- Study material -
--- START ---

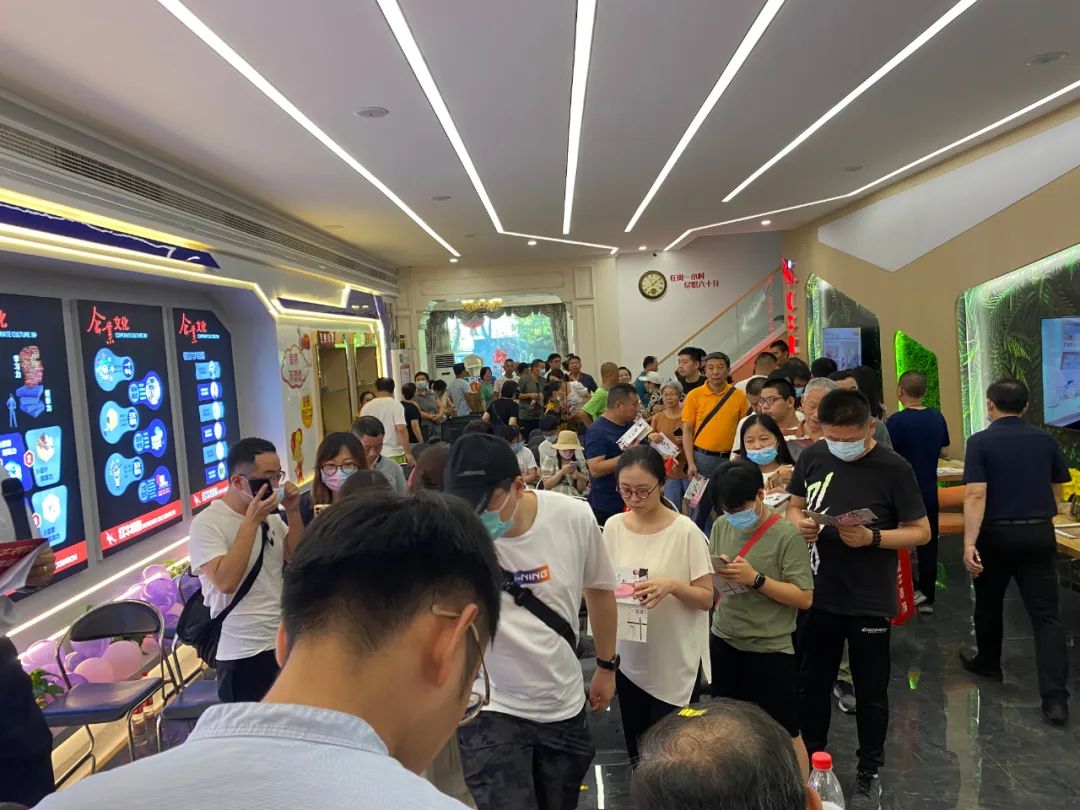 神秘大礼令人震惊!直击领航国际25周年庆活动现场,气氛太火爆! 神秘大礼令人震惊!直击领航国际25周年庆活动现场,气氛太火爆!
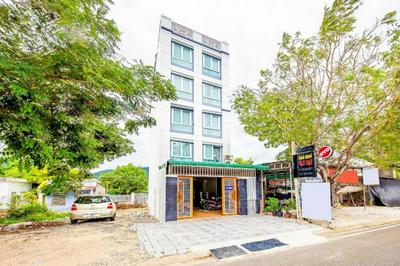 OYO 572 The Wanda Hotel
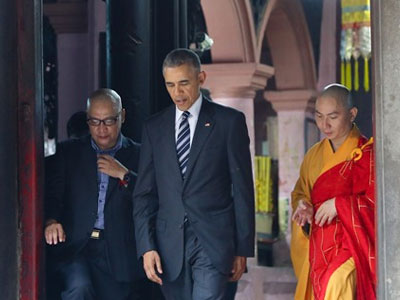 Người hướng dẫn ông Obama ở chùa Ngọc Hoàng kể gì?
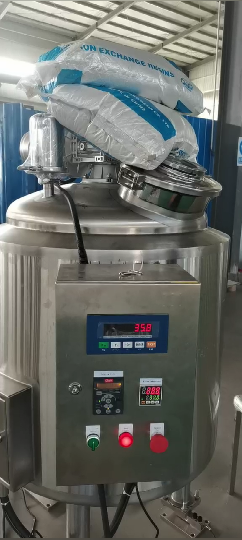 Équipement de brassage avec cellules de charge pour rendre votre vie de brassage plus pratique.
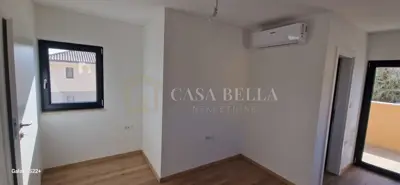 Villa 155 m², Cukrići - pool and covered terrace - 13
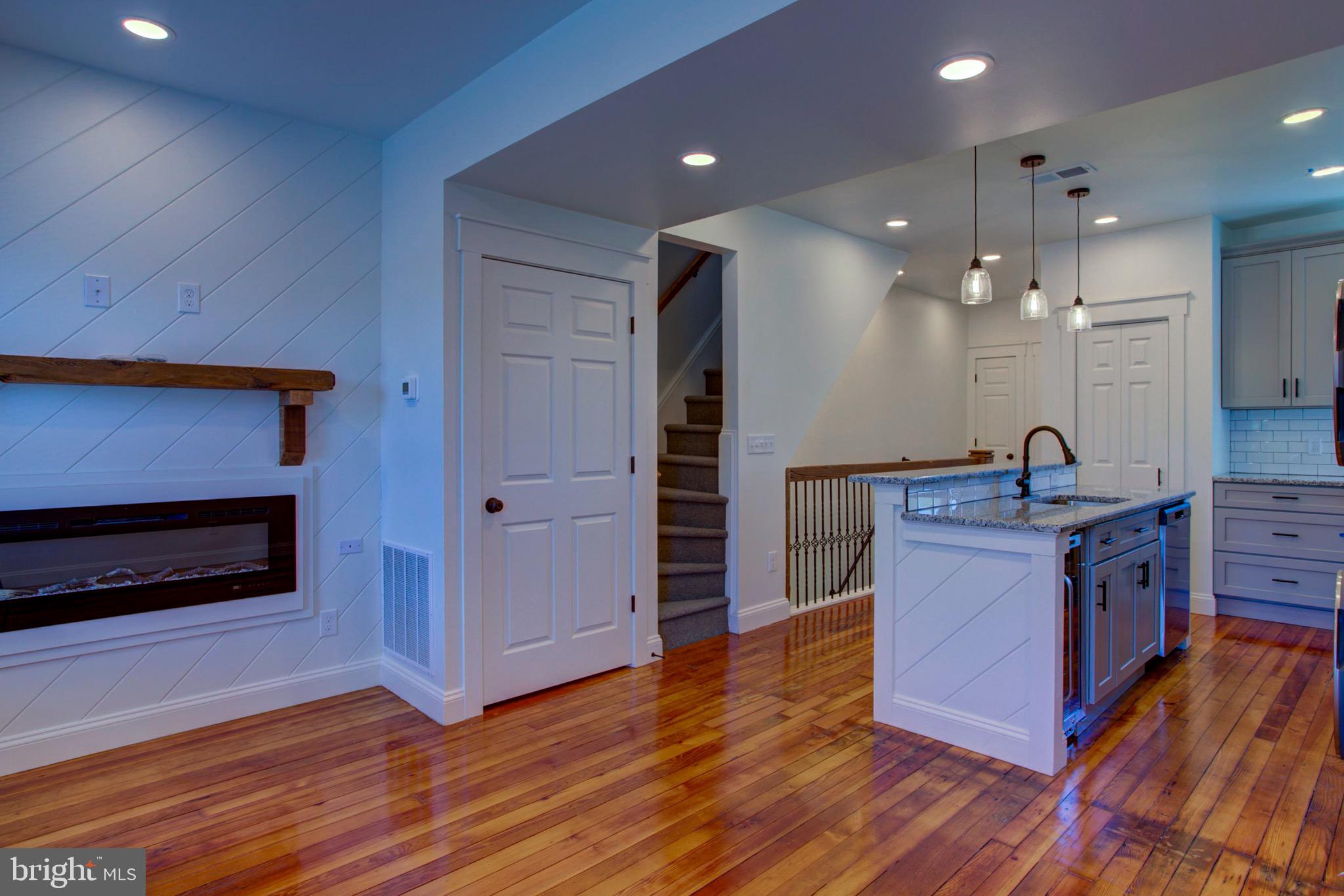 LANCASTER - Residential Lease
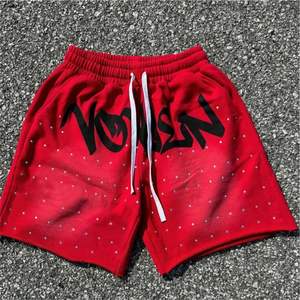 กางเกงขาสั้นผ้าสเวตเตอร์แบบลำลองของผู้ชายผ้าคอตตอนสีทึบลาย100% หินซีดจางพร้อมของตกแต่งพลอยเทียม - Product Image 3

--- END ---
--- START ---

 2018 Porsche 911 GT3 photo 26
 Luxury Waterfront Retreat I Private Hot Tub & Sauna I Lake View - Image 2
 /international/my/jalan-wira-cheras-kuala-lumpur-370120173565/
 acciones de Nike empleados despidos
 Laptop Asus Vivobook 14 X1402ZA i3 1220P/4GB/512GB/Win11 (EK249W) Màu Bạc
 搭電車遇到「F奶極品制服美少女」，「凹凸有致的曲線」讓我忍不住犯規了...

--- END ---
--- START ---

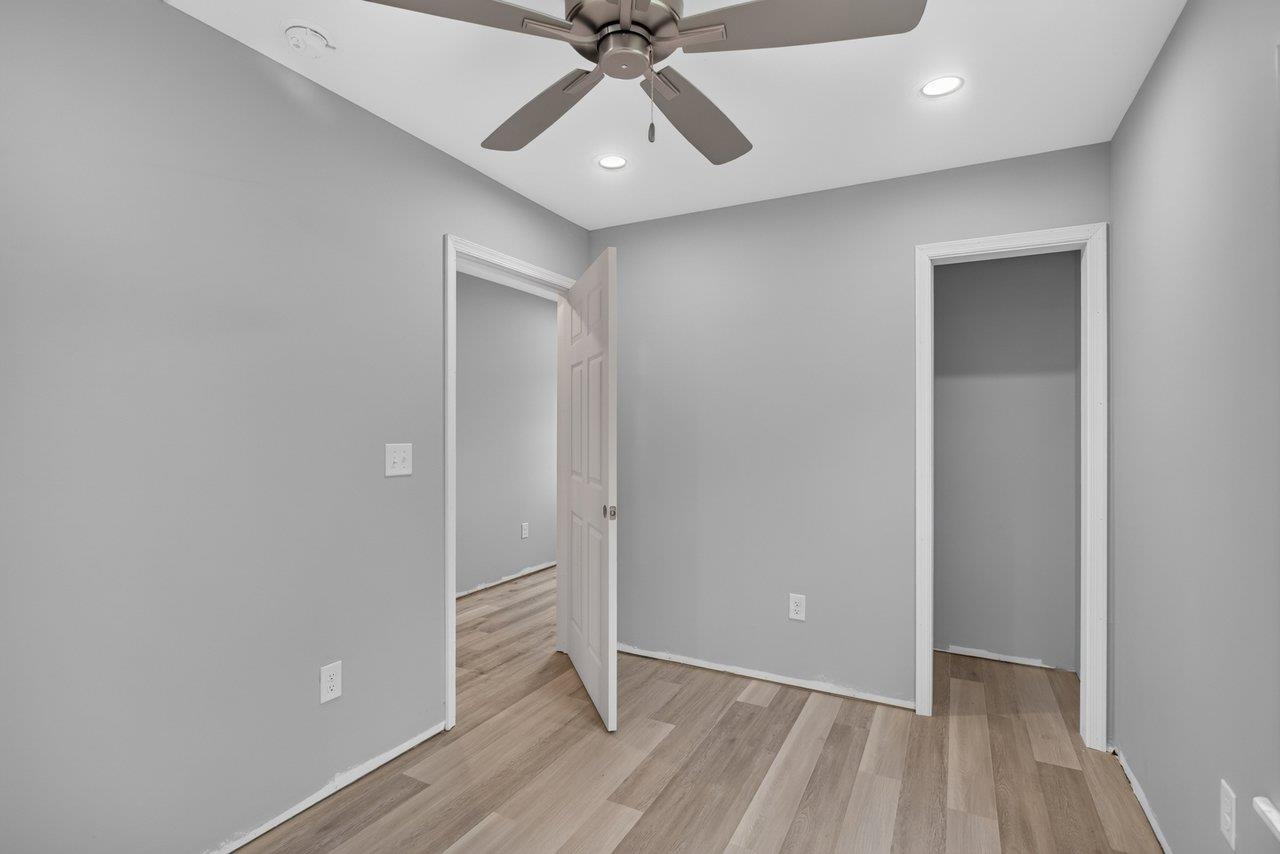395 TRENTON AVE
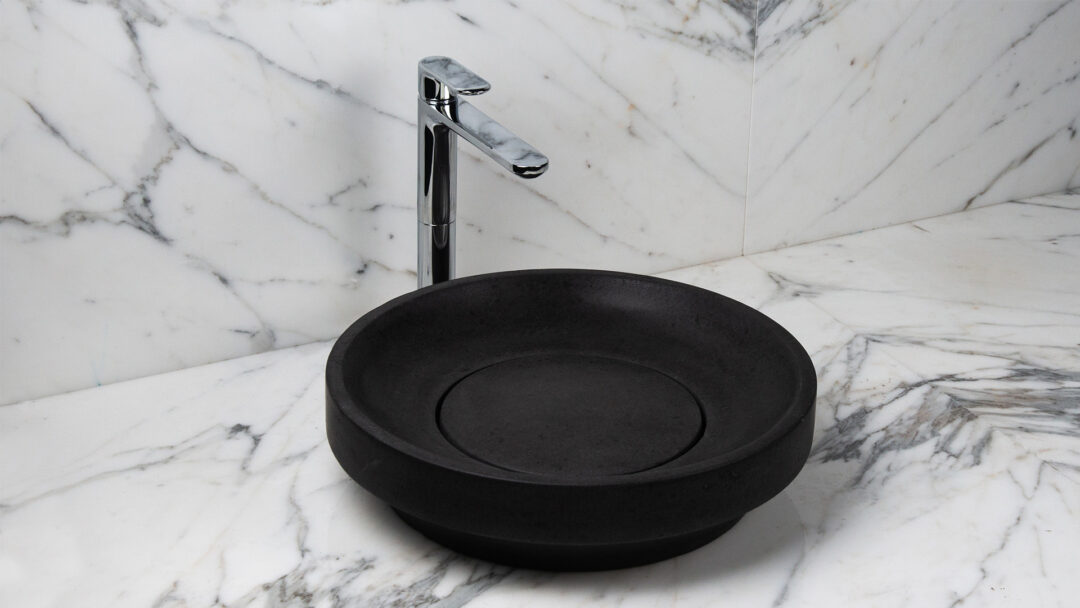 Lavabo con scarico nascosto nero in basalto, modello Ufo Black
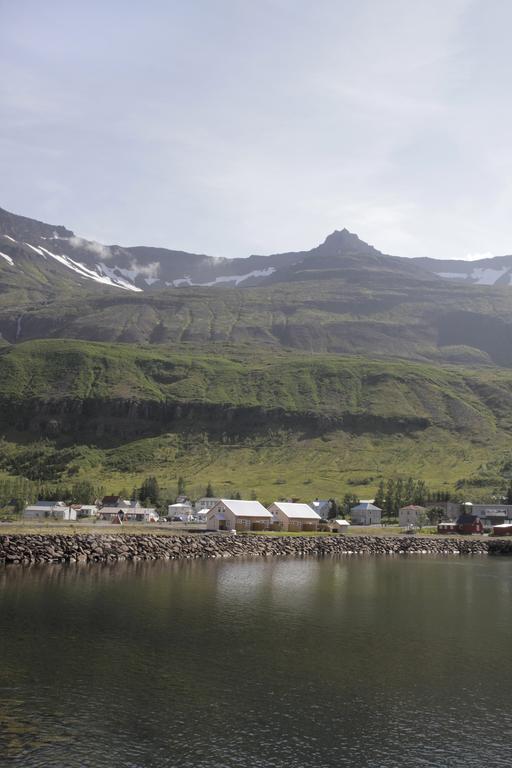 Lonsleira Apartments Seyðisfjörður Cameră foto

--- END ---

- What is required -
Reproduce, exactly and only, the lines of the records above starting at the line with "395 TRENTON AVE" and ending at the line with "Lonsleira Apartments Seyðisfjörður", both included. Leave every picture out.

- Output -
395 TRENTON AVE
 Lavabo con scarico nascosto nero in basalto, modello Ufo Black
 Lonsleira Apartments Seyðisfjörður Cameră foto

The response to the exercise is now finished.